For even the harlot you do not let continue a mere
harlot, but make her a murderess also. You see how
drunkenness leads to prostitution, prostitution to
adultery, adultery to murder; or rather to a something
even worse than murder. For I have no name to give it,
since it does not take off the thing born, but prevents
its being born. Why then do thou abuse the gift of God,
and fight with his laws, and follow after what is a curse
as if a blessing, and make the chamber of procreation a
chamber for murder, and arm the woman that was given for
childbearing unto slaughter? For with a view to drawing
more money by being agreeable and an object of longing to
her lovers, even this she is not backward to do, so
heaping upon thy head a great pile of fire. For even if
the daring deed be hers, yet the causing of it is
thine.”
—Homilies
on Romans 24, A.D. 391
“I cannot bring myself to speak of the many virgins
who daily fall and are lost to the bosom of the Church,
their mother … Some go so far as to take potions,
that they may insure barrenness, and thus murder human
beings almost before their conception.
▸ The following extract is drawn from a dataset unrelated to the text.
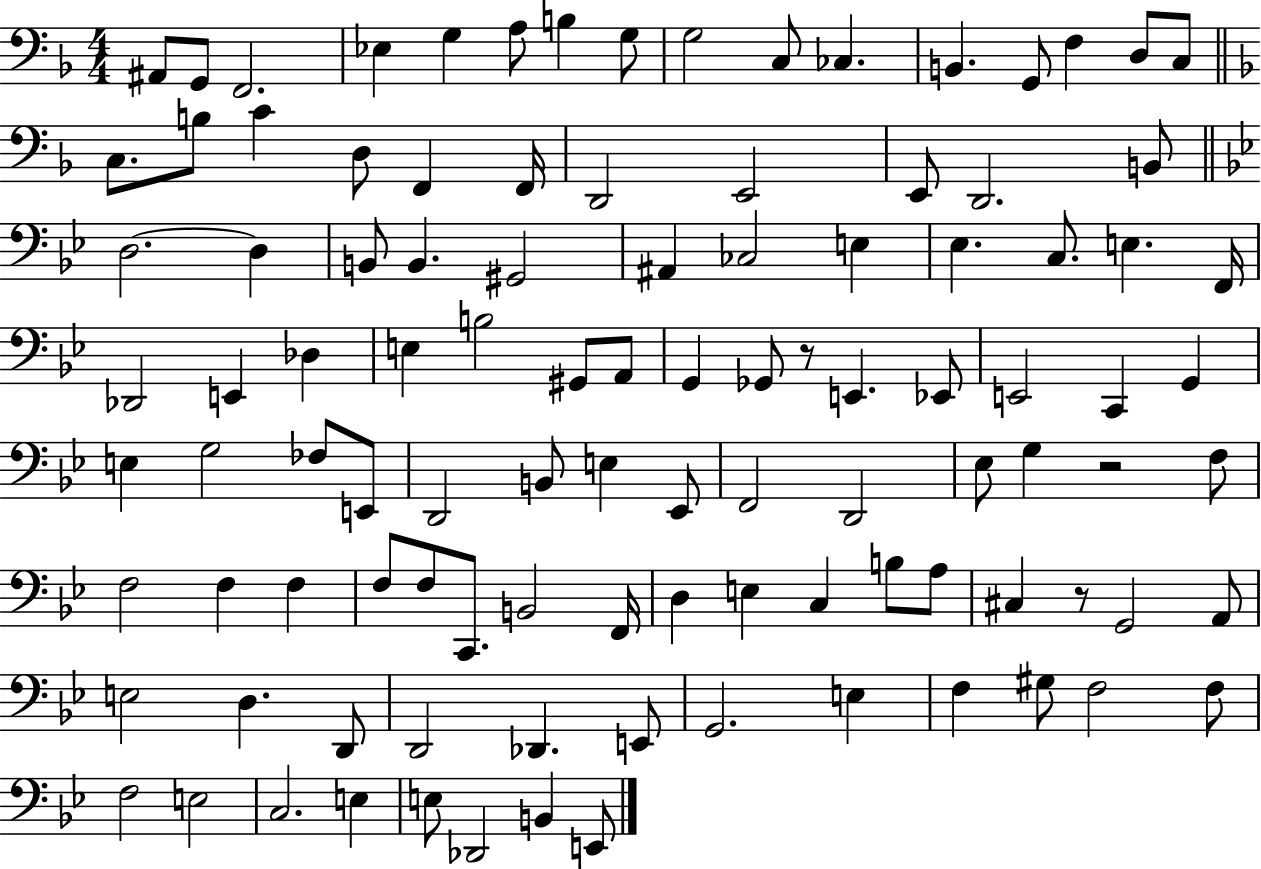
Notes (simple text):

A#2/e G2/e F2/h. Eb3/q G3/q A3/e B3/q G3/e G3/h C3/e CES3/q. B2/q. G2/e F3/q D3/e C3/e C3/e. B3/e C4/q D3/e F2/q F2/s D2/h E2/h E2/e D2/h. B2/e D3/h. D3/q B2/e B2/q. G#2/h A#2/q CES3/h E3/q Eb3/q. C3/e. E3/q. F2/s Db2/h E2/q Db3/q E3/q B3/h G#2/e A2/e G2/q Gb2/e R/e E2/q. Eb2/e E2/h C2/q G2/q E3/q G3/h FES3/e E2/e D2/h B2/e E3/q Eb2/e F2/h D2/h Eb3/e G3/q R/h F3/e F3/h F3/q F3/q F3/e F3/e C2/e. B2/h F2/s D3/q E3/q C3/q B3/e A3/e C#3/q R/e G2/h A2/e E3/h D3/q. D2/e D2/h Db2/q. E2/e G2/h. E3/q F3/q G#3/e F3/h F3/e F3/h E3/h C3/h. E3/q E3/e Db2/h B2/q E2/e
Some, when they
find themselves with child through their sin, use drugs
to procure abortion, and when, as often happens, they die
with their offspring, they enter the lower world laden
with the guilt not only of adultery against Christ but
also of suicide and child murder.”
—Letters
22:13, A.D. 396
“Thou shalt not use magic. Thou shalt not use
witchcraft; for he says, ‘You shall not suffer a
witch to live’ [Ex. 22:18]. Thou shall not slay thy
child by causing abortion, nor kill that which is
begotten … [I]f it be slain, [it] shall be
avenged, as being unjustly destroyed.”